**Work to complete:** Quote the material exactly from the line that contains "2021 Panini Select" through its last line. Any pictures are to be left out.

=-=-=

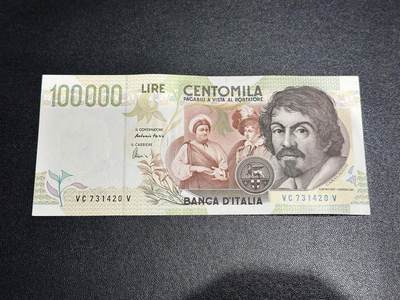 《外钞收藏家》第六百零四期（精品场）（本平台长期征集拍品、欢迎藏友们联系合作） - 1994年意大利10万里拉 卡拉瓦乔 AU品相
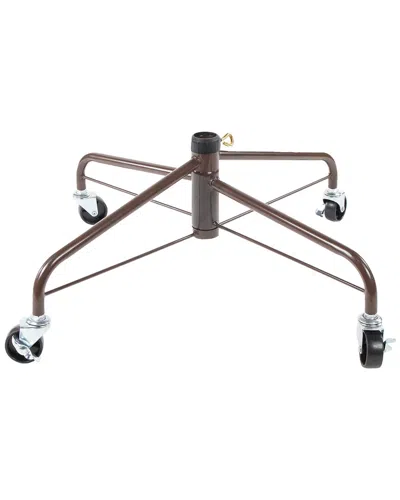 Northlight 24in Brown Metal Rolling Artificial Christmas Tree Stand For 6ft -  9ft Trees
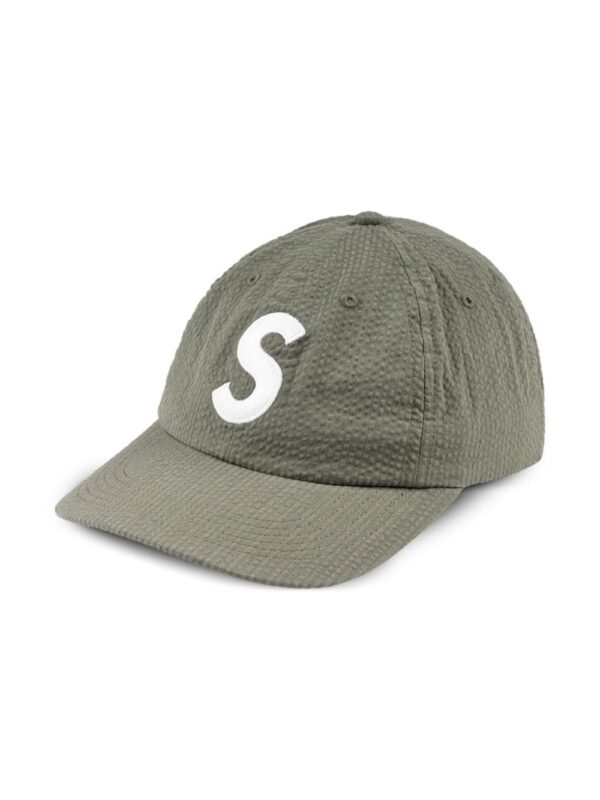 Supreme logo-embroidered seersucker baseball cap - Image 3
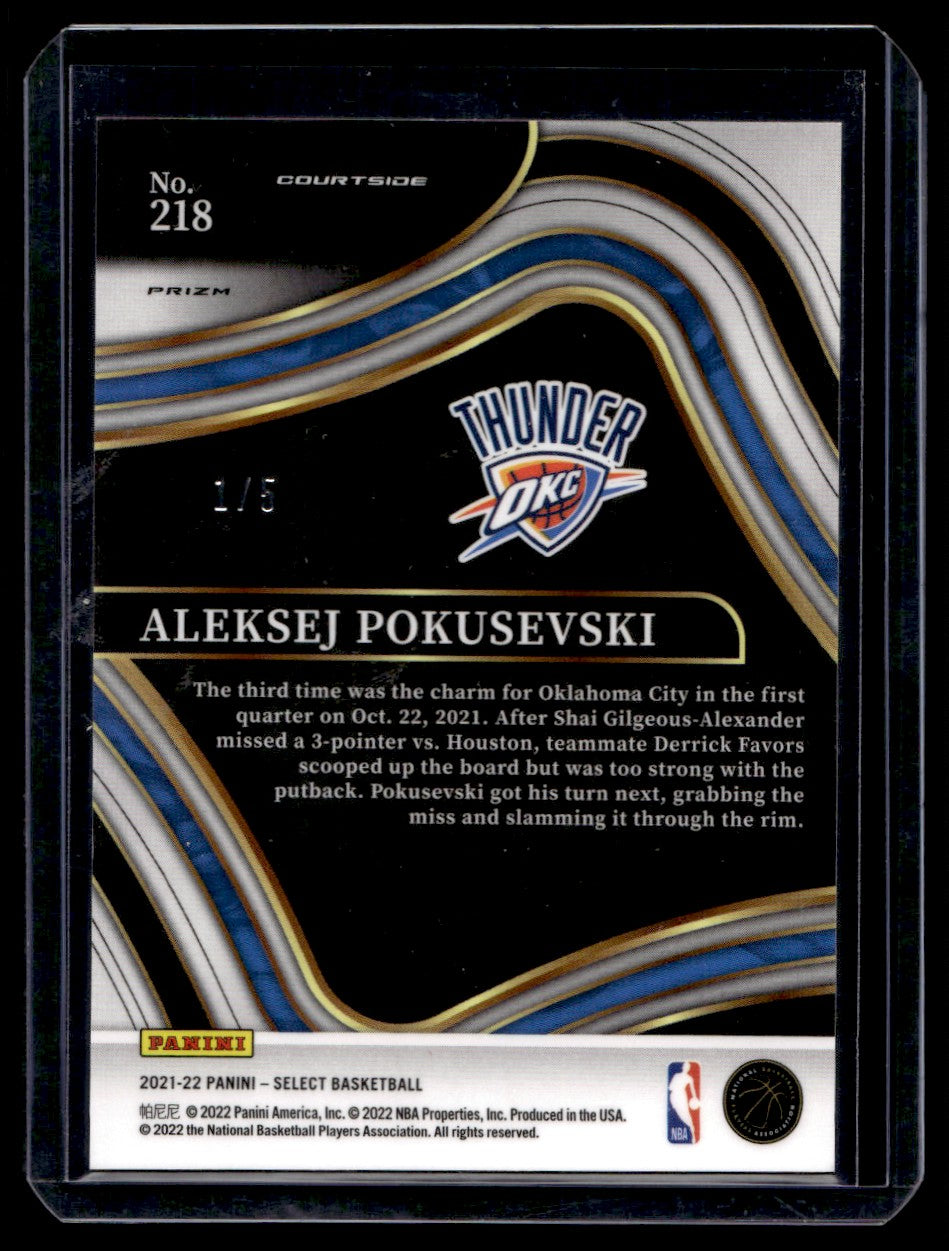 2021 Panini Select Aleksej Pokusevski Courtside Purple Pulsar Prizm /5 #218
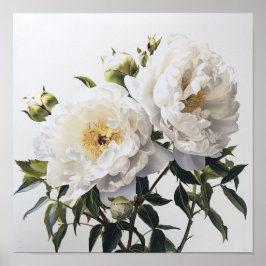 White Peony Flowers Art Print Poster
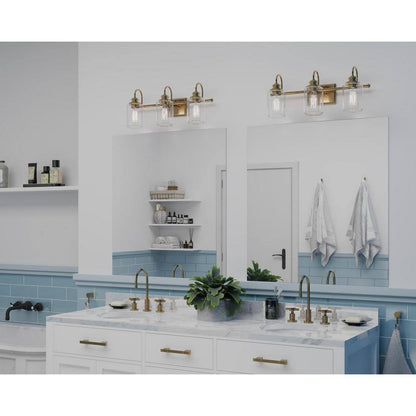Progress Lighting Aiken 3-Light Vintage Brass Clear Glass Bath Vanity Light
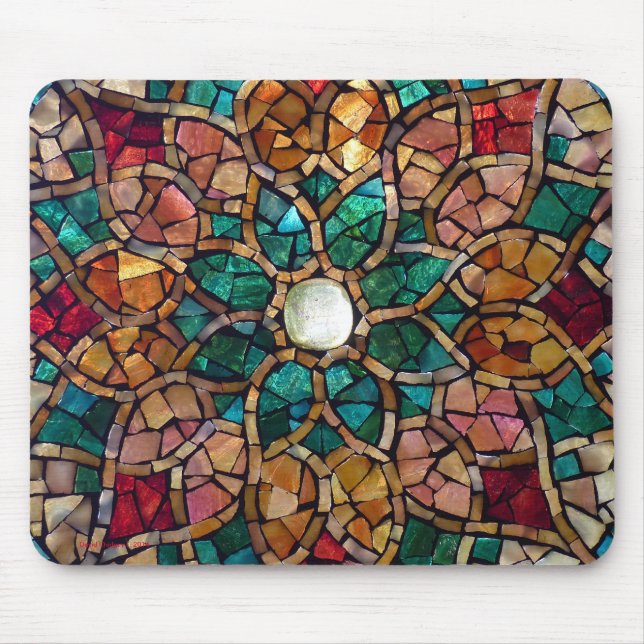 Målat glass mosaiska Mousepad "höststjärna ", Musmatta (Framsidan)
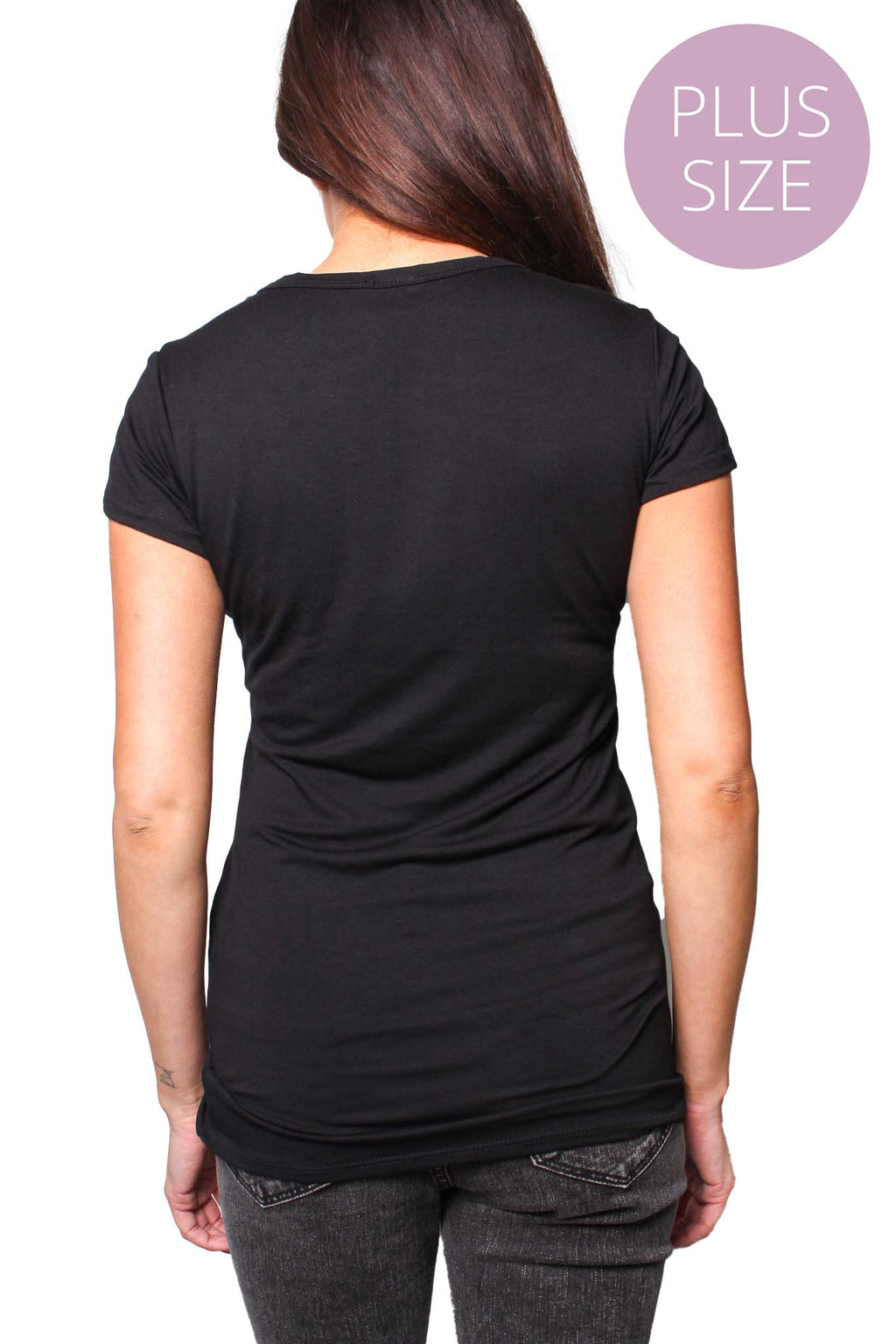 Women's Plus Short Sleeve Round Neck Solid Top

=-=-=

**Written solution:**
 2021 Panini Select Aleksej Pokusevski Courtside Purple Pulsar Prizm /5 #218
 White Peony Flowers Art Print Poster
Progress Lighting Aiken 3-Light Vintage Brass Clear Glass Bath Vanity Light
 Målat glass mosaiska Mousepad "höststjärna ", Musmatta (Framsidan)
 Women's Plus Short Sleeve Round Neck Solid Top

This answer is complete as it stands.